Эта установка правильно организует чисто техническую, ремесленную работу, и если даже последняя временами, при разрешении особенно трудных виртуозных задач, и будет {240} преобладать, то она все-таки не заведет пианиста на ложные пути, но будет именно тем этапом, который делает возможным достижение цели. Тут я должен опять вспомнить метод Таузига временно выключать выразительность и художественность исполнения, к которому я сам часто прибегаю. Но я применяю его в работе над уже игранными, исполненными, художественно проверенными, музыкально совершенно оформленными вещами. Перед тем, как сочинение увидит свет (свет рампы), я его буду непременно много раз исполнять у себя дома, в одиночестве так, как будто я его играю перед слушателями. (Правда, я не задаюсь именно этой целью, но, так как увлекаюсь сочинением, то и «исполняю» его — для себя и для других, хотя и не присутствующих.) Понятно, что часто игранные на эстраде вещи меньше всего нуждаются в этом, тут-то гораздо больше применимо «сухое», деловито-ремесленное проигрывание произведения.

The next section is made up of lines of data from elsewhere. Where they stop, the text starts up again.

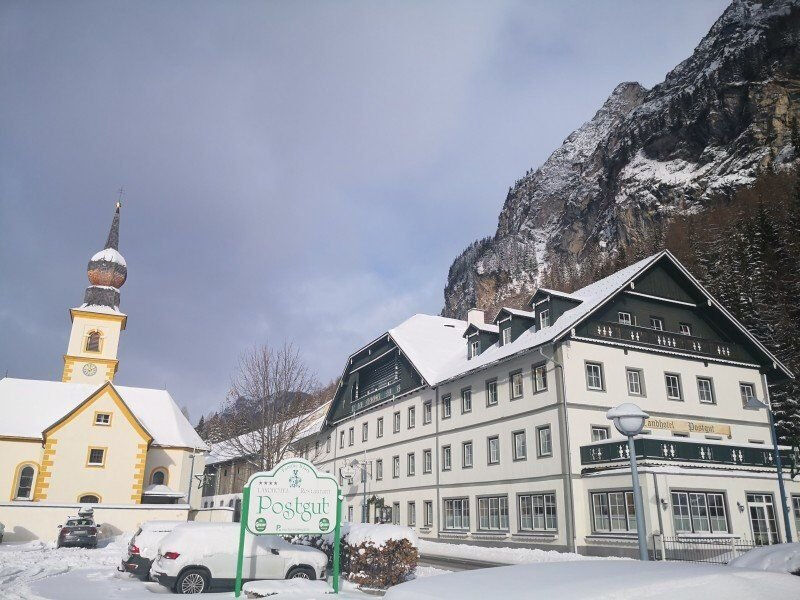 Landhotel Postgut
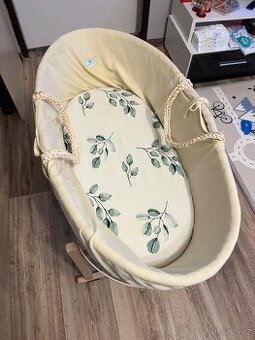 Prodám Mojžíšův koš sleepee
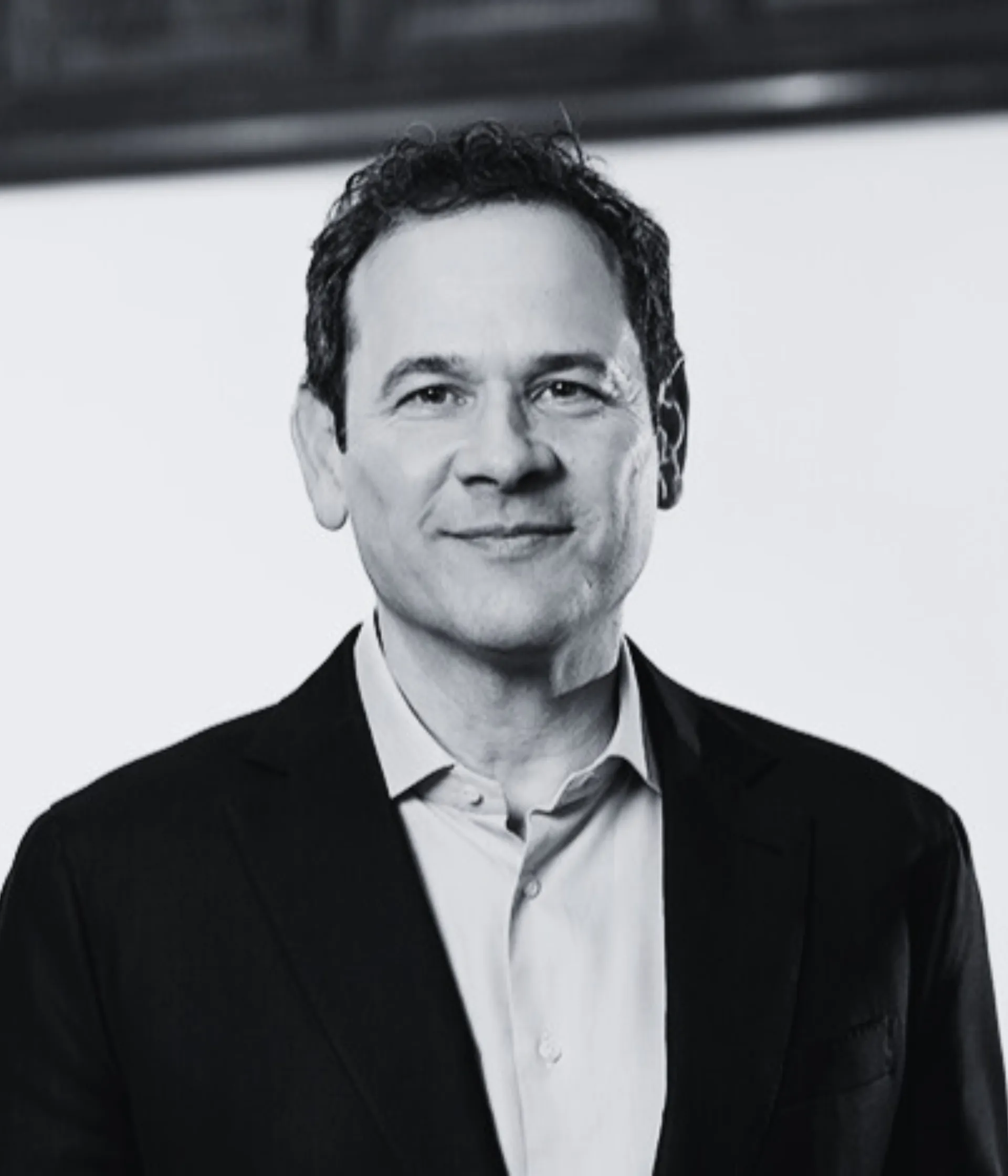 David Silverman Portrait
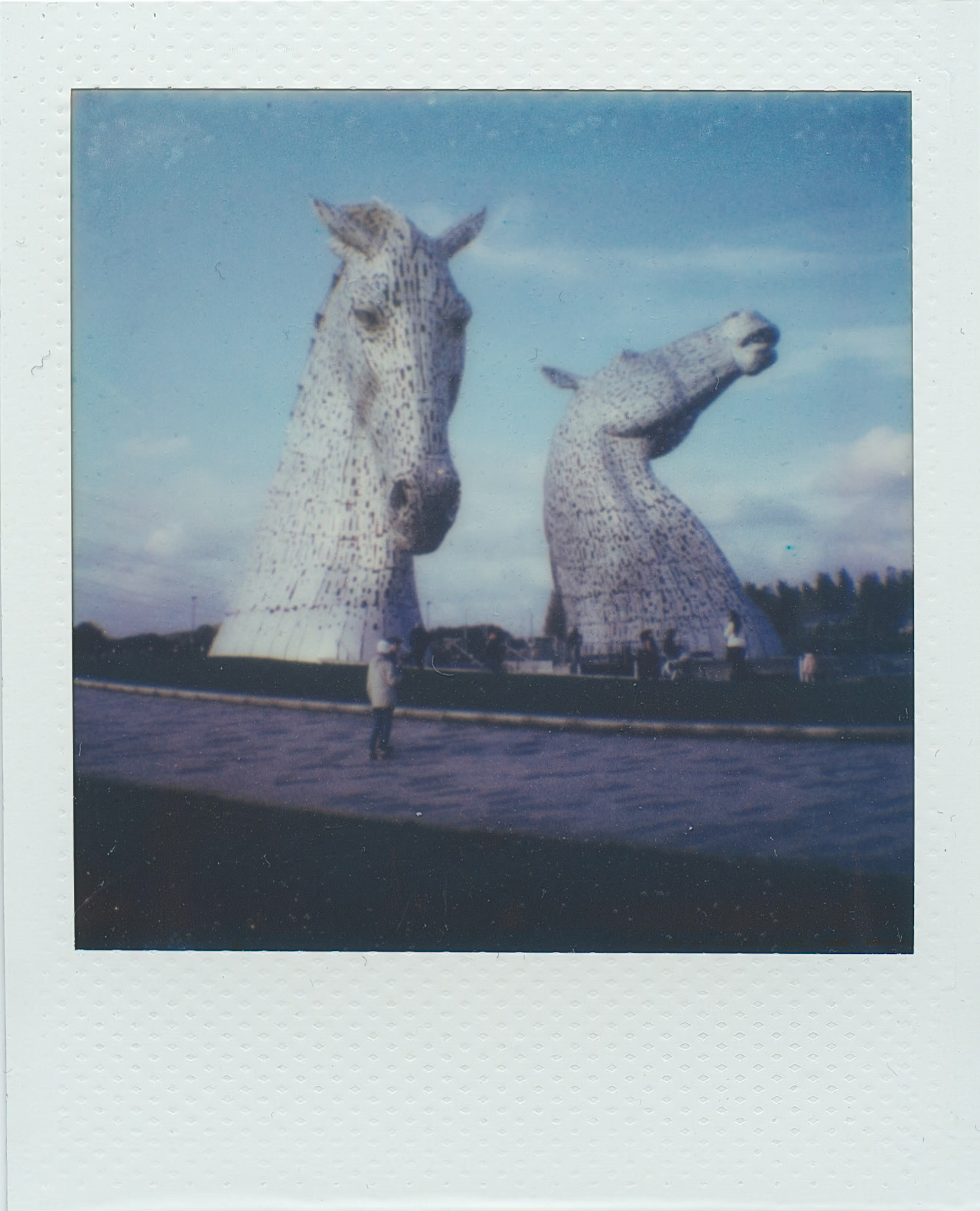 The Kelpies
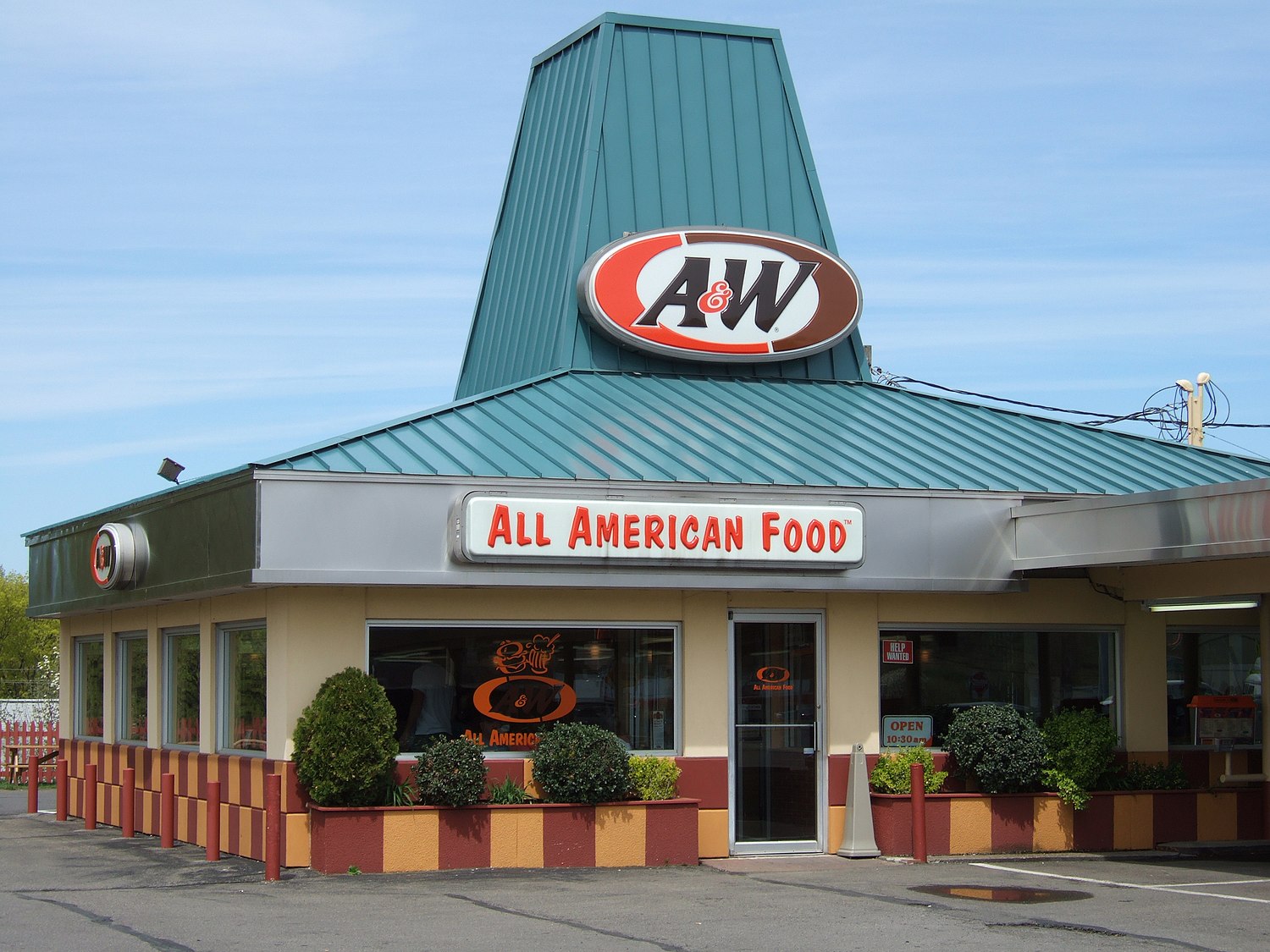 A&W Restaurants - Wikiwand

А в общем можно сказать, что и метод, рекомендуемый Гофманом, и авральный метод, и многие другие хороши и применимы, смотря по обстоятельствам. Лично я больше всего доверяю методу Гофмана или схожему с ним, но и мне случалось готовиться к концерту «аврально». Так, например, мне пришлось играть вторую сонату Шимановского на концерте из его произведений в Вене в 1913 году, ровно через 19 дней после того, как я получил ноты, и играл я совсем неплохо, а произведение это очень трудное и сложное.
Быть может, стоит рассказать об одном факте, который я считаю интересным, так как это пример самой напряженной и устремленной работы в моей жизни.

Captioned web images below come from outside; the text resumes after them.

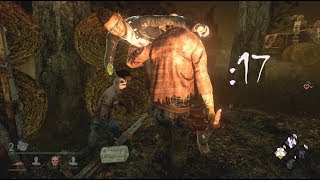 【生存者】フック破壊に救われる日：17【DbD】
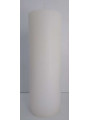 Spezielle Esoterisch White Kerze 20x7cm.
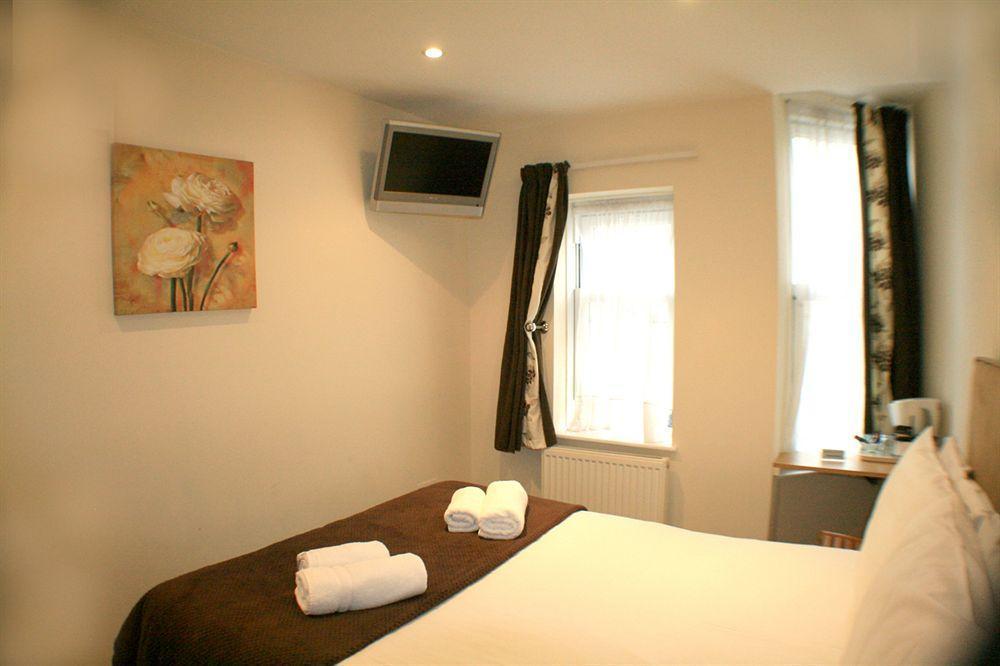 The Kelvin Guest House Hove Exterior foto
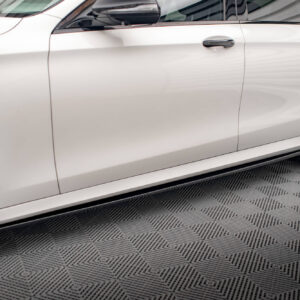 Maxton Design Боковые пороги и диффузоры Mercedes-Benz E AMG-Line W213 Facelift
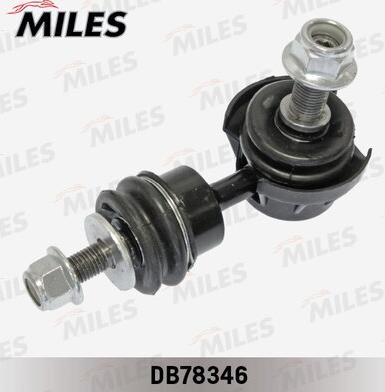 Miles DB78346 - Rod / Strut, stabiliser autospares.lv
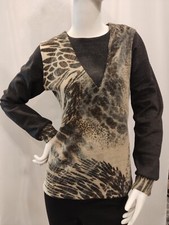 Casacca maglia donna misto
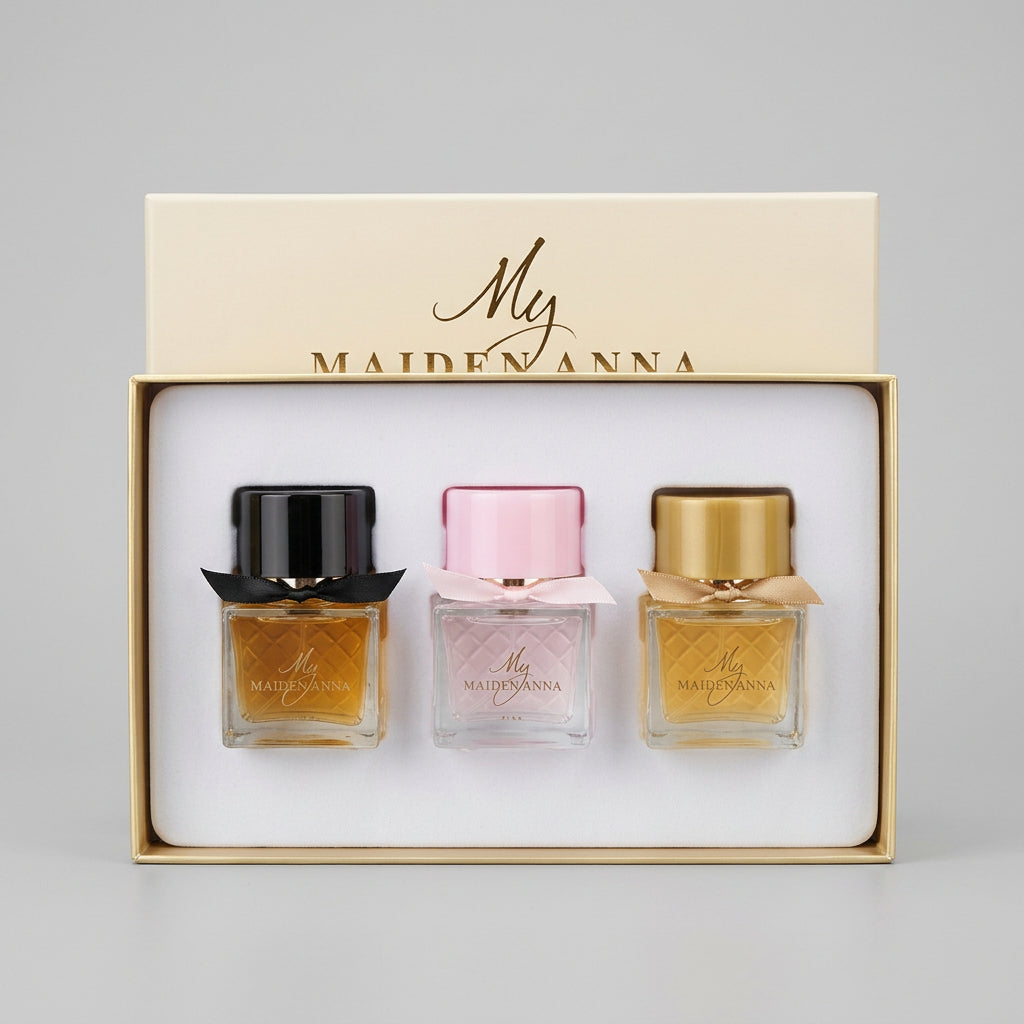 Maiden Anna 3-in-1 Eau de Parfum Gift Set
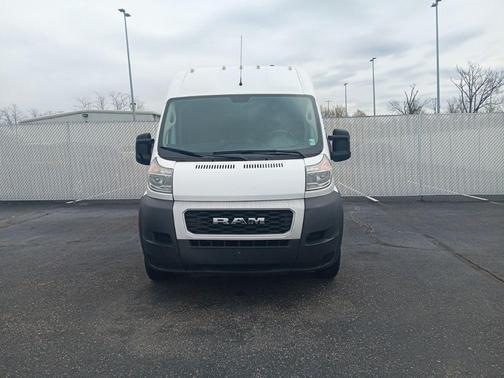 Bright White Clearcoat 2019 RAM ProMaster 1500 Base
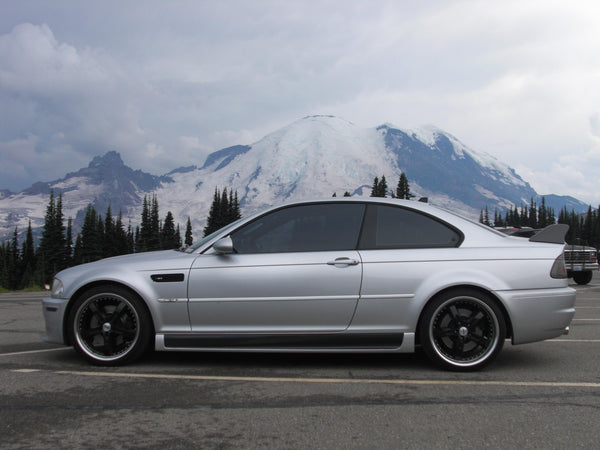 Racing Coilovers | 2001-2006 - BMW - 3 Series M3 - E46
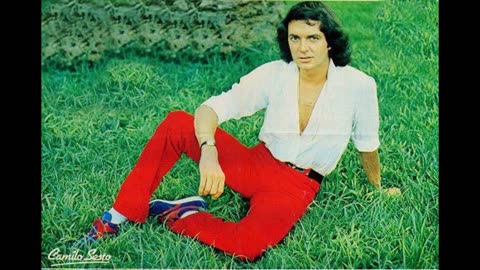 Camilo Sesto - Saludos y Poemas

Когда мне было лет 17—18 (что было летом в чудесной деревне Полтавской губернии, Мануйловке, впоследствии прославившейся, так как там часто отдыхал М. Горький), я впервые принялся за изучение труднейшей сонаты Бетховена — ор. 106 B-dur Hammerklavier с фугой. Принялся я за это очень рьяно, и если не играл ее, то все время о ней думал, — на прогулках, во время купанья, сидя за обеденным столом...
Укладываясь спать, я клал сонату на стул рядом со свечой (электричества тогда в Мануйловке еще не было) и читал ее {241} до тех пор, пока сон меня не одолевал. Во время сна соната мне снилась и бывало так, что я вдруг «застревал» в фуге во сне, не знал — как и что дальше. Это причиняло мне, очевидно, такое беспокойство, что я просыпался, зажигал свечку, брал ноты и читал фугу с того места, где я застрял. Потом опять засыпал. Бывало это не раз. В результате такой «работы» я выучил всю сонату наизусть ровно в шесть дней, а для такой вещи это срок минимальный.
Иногда я учил вещи гораздо более легкие значительно дольше, так как отсутствовали то волевое напряжение, та «одержимость», которые появились у меня при разучивании этой сонаты. (Происхождение этой одержимости понятно: я знал заранее, что это одно из величайших и труднейших фортепьянных сочинений Бетховена; естественно, появился задор: «а ну-ка, можешь ты одолеть такую задачу?»)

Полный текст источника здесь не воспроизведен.